BEGIN Supplied material
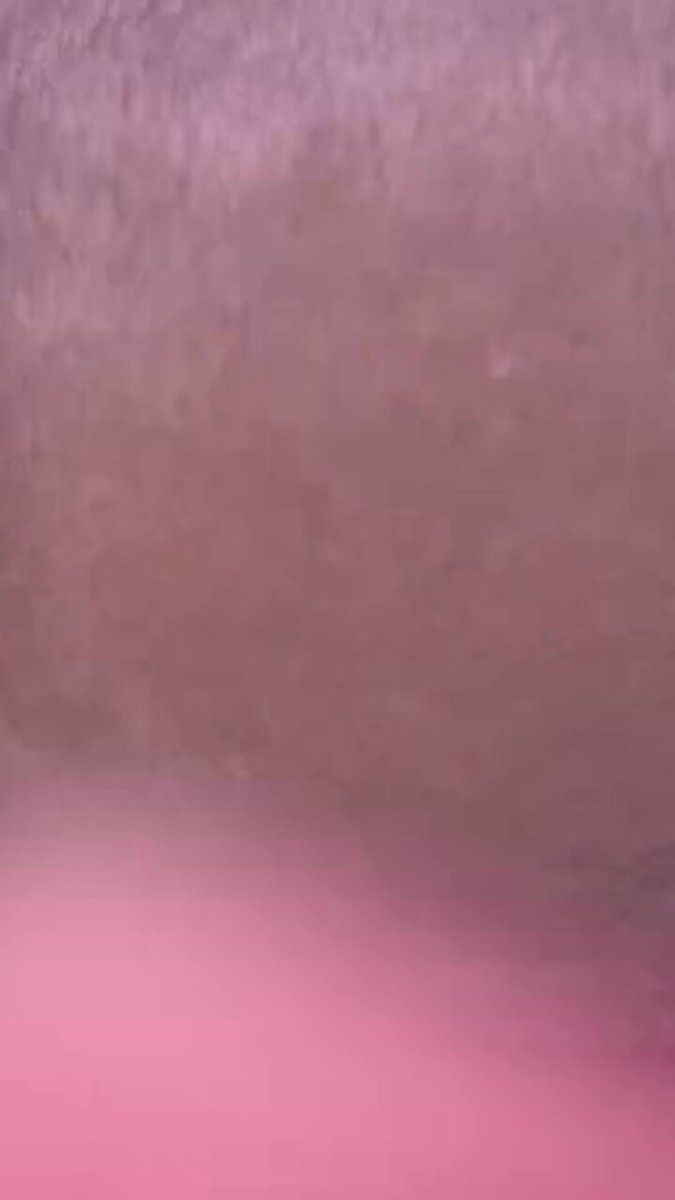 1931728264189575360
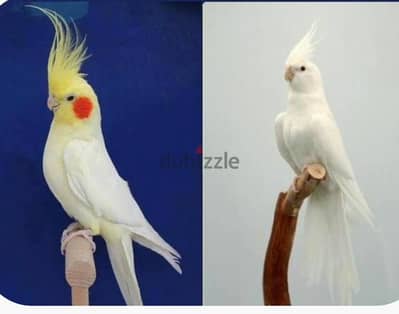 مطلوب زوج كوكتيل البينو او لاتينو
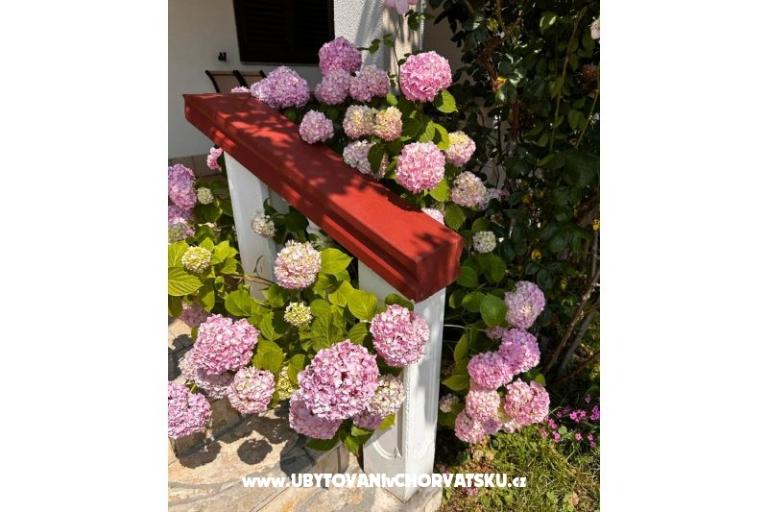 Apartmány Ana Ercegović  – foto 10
END Supplied material
[What this task involves] Print the listing word for word but skip its pictures.

[Output below]
 1931728264189575360
 مطلوب زوج كوكتيل البينو او لاتينو
 Apartmány Ana Ercegović  – foto 10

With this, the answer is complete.